== Segment start ==

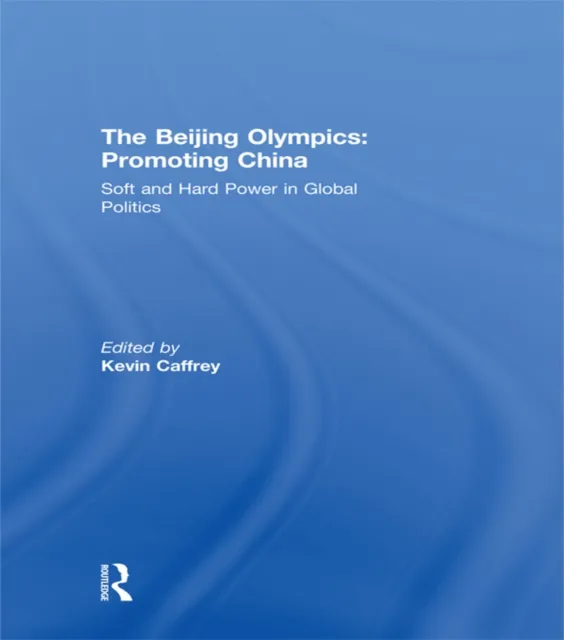 Beijing Olympics: Promoting China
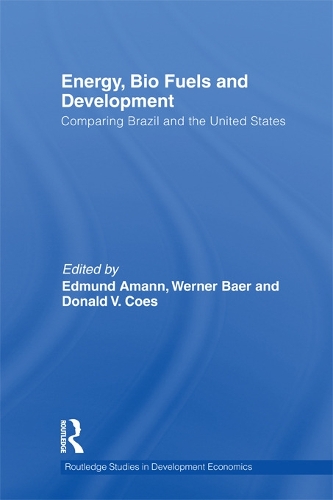 Бумажная книга «Energy, Bio Fuels and Development: Comparing Brazil and the United States» - фото №1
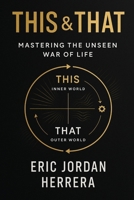 This & That: The Unseen War of Life B0FB8WYJNC Book Cover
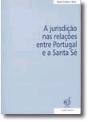 A Jurisdição nas Relações entre Portugal e a Santa Sé - Preview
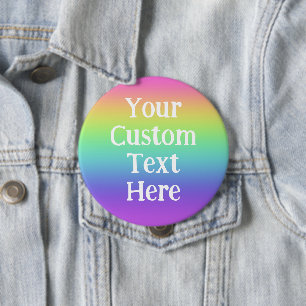 Badge Rond 10 Cm Bouton personnalisé Big Rainbow Pin-On
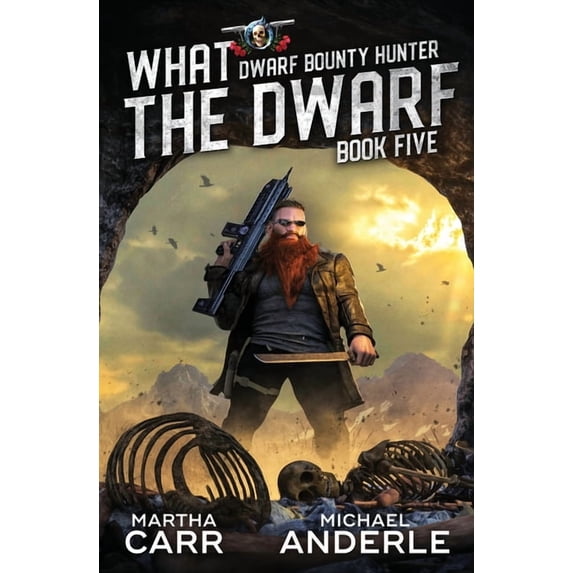 Dwarf Bounty Hunter What the Dwarf, Book 5, (Paperback)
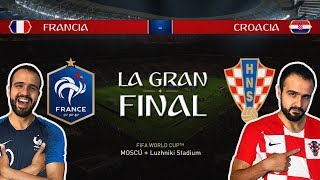 LA GRAN FINAL Francia vs Croacia  Rusia 2018  FIFA World Cup [upl. by Atnomed]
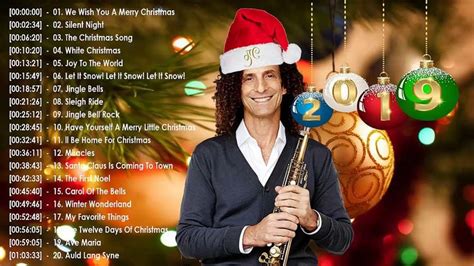 Kenny G Merry Christmas 2019 - Kenny G Christmas Songs Playlist 2019 ...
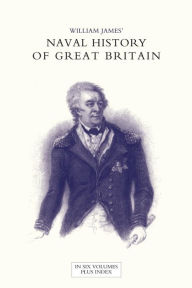NAVAL HISTORY OF GREAT BRITAIN FROM THE DECLARATION OF WAR BY FRANCE IN 1793 TO THE ACCESSION OF GEORGE IV Volume Six William James Author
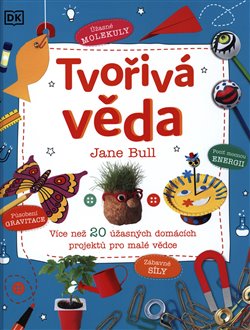 Levně Tvořivá věda - Jane Bull
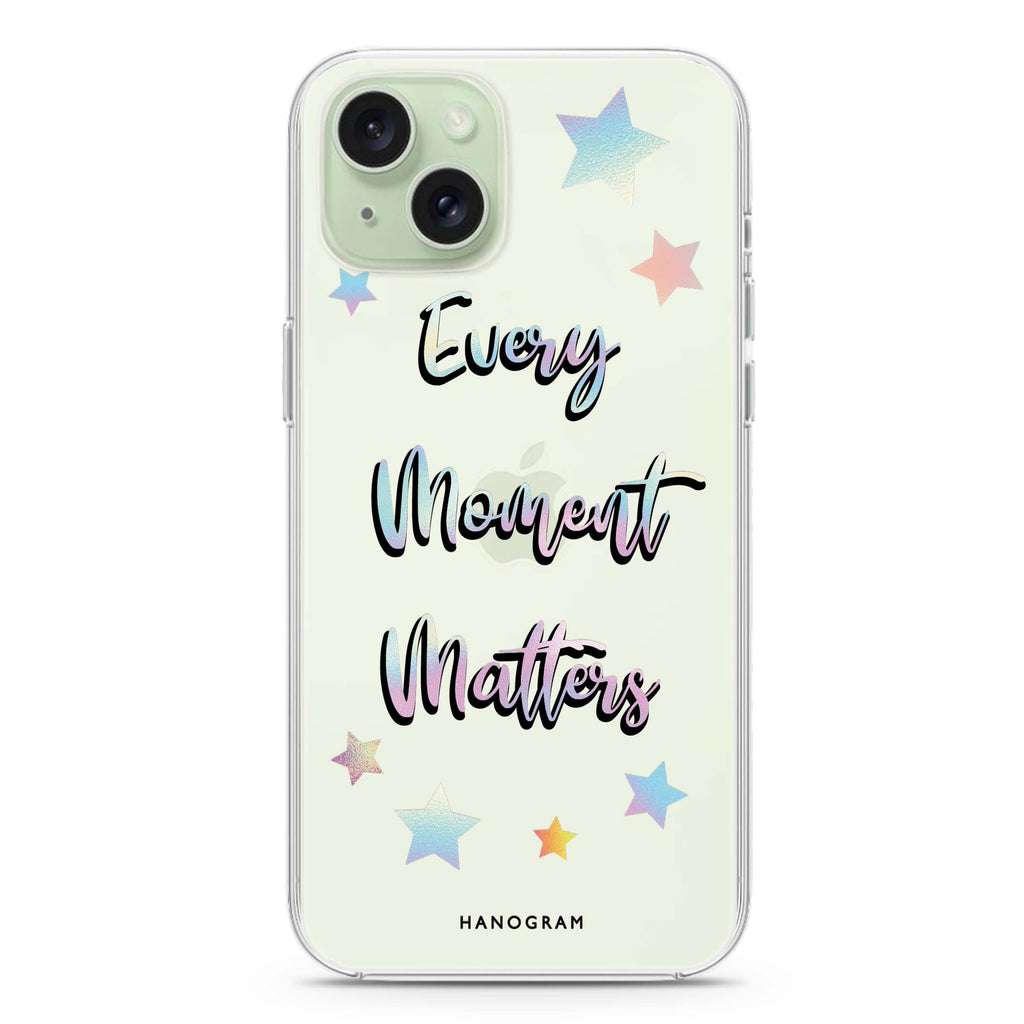 Every moment matters iPhone 15 plus 水晶透明保護殼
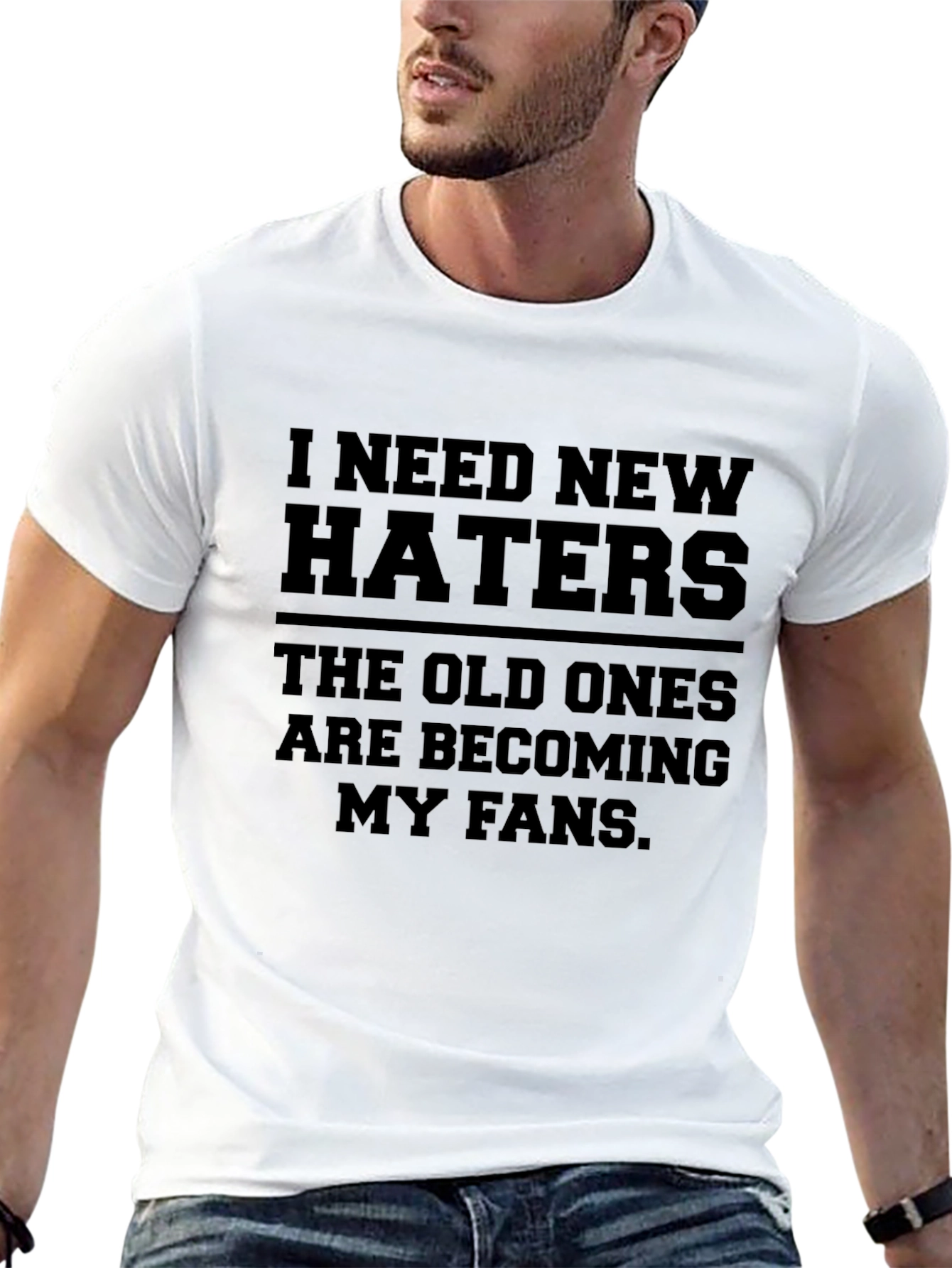 I Need New Haters Graphic T-Shirt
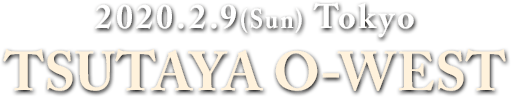 9.27(Fri) Tokyo : TSUTAYA O-Crest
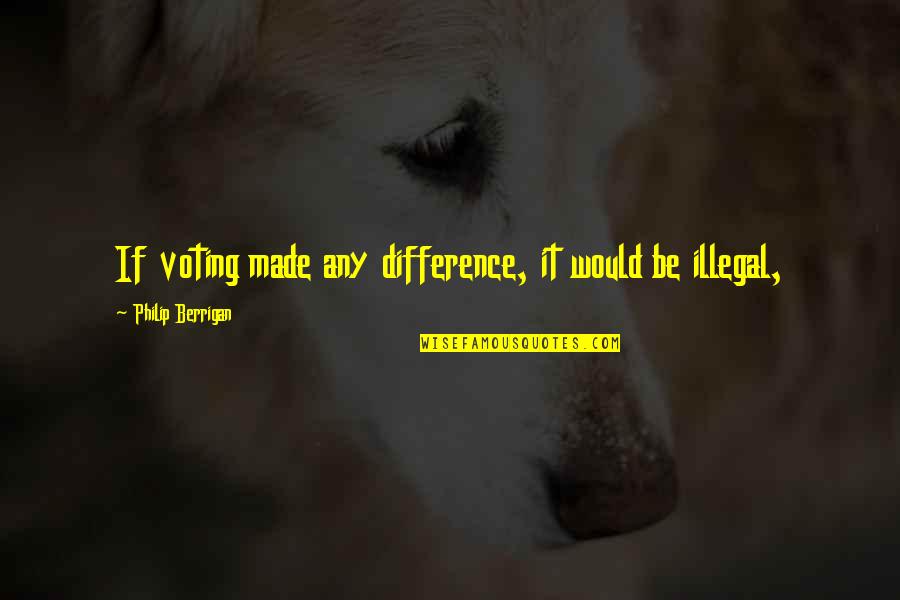 Duelling Pistol Quotes By Philip Berrigan: If voting made any difference, it would be Duelling Pistol Quotes By Philip Berrigan: If voting made any difference, it would be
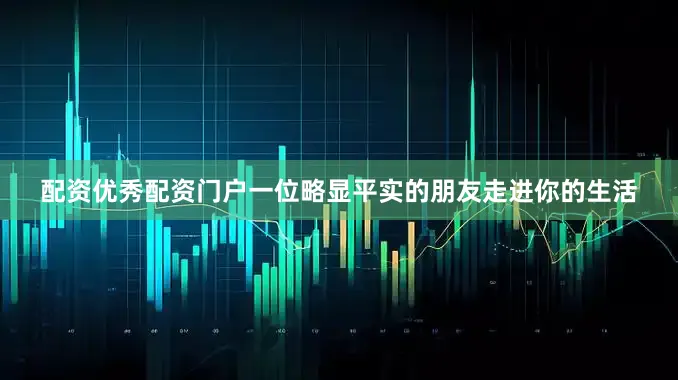 配资优秀配资门户一位略显平实的朋友走进你的生活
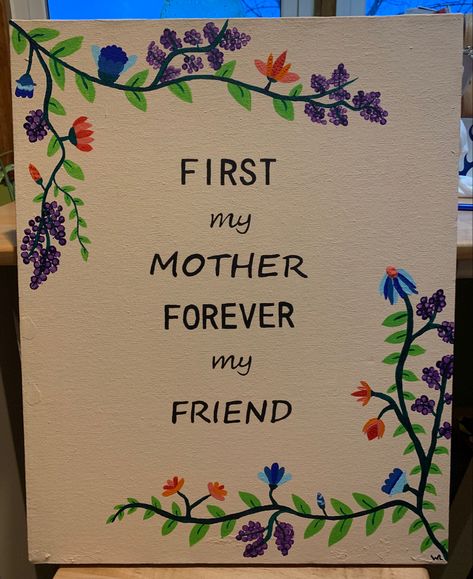 This is a super cute and easy picture to paint. I made it for my mom but you could easily change the quote and make it for anyone:)) Things To Paint For Your Mom Gift Ideas, Canvas Painting For Mother's Day, Canvas Art For Mothers Day, Painting Ideas On Canvas For Mother's Day, Mother S Day Painting Ideas, Painting Gift Ideas For Mom, Happy Mother’s Day Painting, Happy Birthday Mom Painting, Painting Ideas For Your Mom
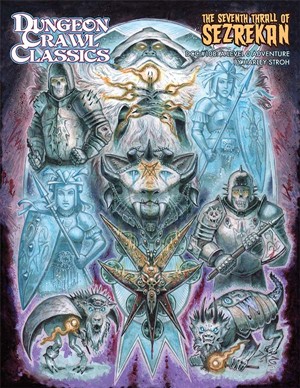 GMG5118 Dungeon Crawl Classics #108: The Seventh Thrall Of Sezrekan published by Goodman Games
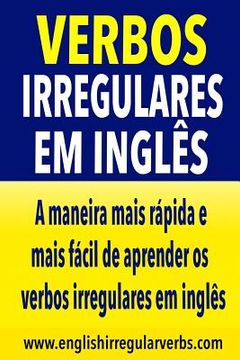 portada Verbos Irregulares em Inglés: A maneira mais rápida e mais fácil de aprender os verbos irregulares (en Portugués)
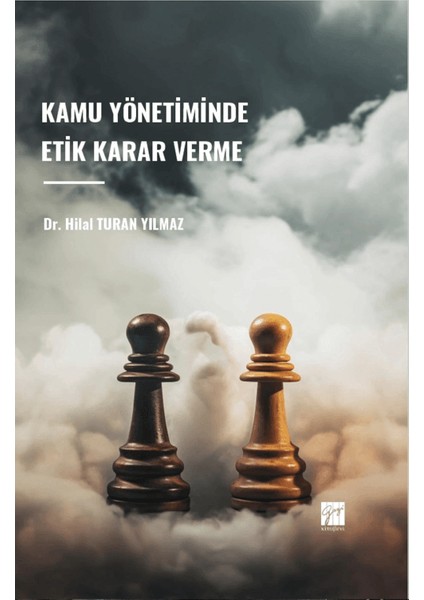 Kamu Yönetiminde Etik Karar Verme - Hilal Turan Yılmaz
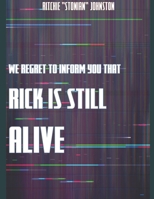 We regret to inform you that Rick is still alive. B0F5HK95GM Book Cover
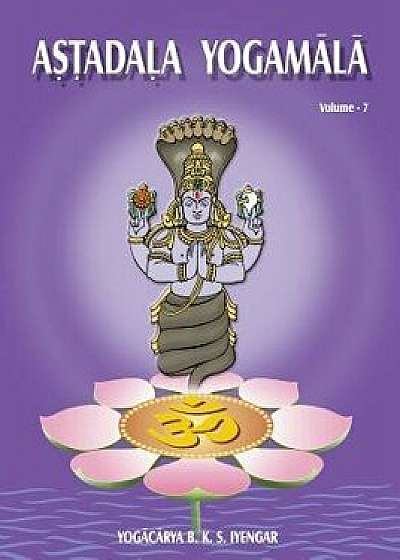 Astadala Yogamala (Collected Works) Volume 7, Paperback/B. K. S. Iyengar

== Segment end ==

**Work required**
What must be output is the exact run of lines from the one holding "Songs Playlist 2019 ..." through the end of the entries above, both ends included, minus the pictures.

**Reply to the exercise**
 Kenny G Merry Christmas 2019 - Kenny G Christmas Songs Playlist 2019 ...
NAVAL HISTORY OF GREAT BRITAIN FROM THE DECLARATION OF WAR BY FRANCE IN 1793 TO THE ACCESSION OF GEORGE IV Volume Six William James Author
 Levně Tvořivá věda - Jane Bull
 Every moment matters iPhone 15 plus 水晶透明保護殼
 I Need New Haters Graphic T-Shirt
 9.27(Fri) Tokyo : TSUTAYA O-Crest
 Duelling Pistol Quotes By Philip Berrigan: If voting made any difference, it would be Duelling Pistol Quotes By Philip Berrigan: If voting made any difference, it would be
 配资优秀配资门户一位略显平实的朋友走进你的生活
 This is a super cute and easy picture to paint. I made it for my mom but you could easily change the quote and make it for anyone:)) Things To Paint For Your Mom Gift Ideas, Canvas Painting For Mother's Day, Canvas Art For Mothers Day, Painting Ideas On Canvas For Mother's Day, Mother S Day Painting Ideas, Painting Gift Ideas For Mom, Happy Mother’s Day Painting, Happy Birthday Mom Painting, Painting Ideas For Your Mom
 GMG5118 Dungeon Crawl Classics #108: The Seventh Thrall Of Sezrekan published by Goodman Games
 portada Verbos Irregulares em Inglés: A maneira mais rápida e mais fácil de aprender os verbos irregulares (en Portugués)
 Kamu Yönetiminde Etik Karar Verme - Hilal Turan Yılmaz
 We regret to inform you that Rick is still alive. B0F5HK95GM Book Cover
 Astadala Yogamala (Collected Works) Volume 7, Paperback/B. K. S. Iyengar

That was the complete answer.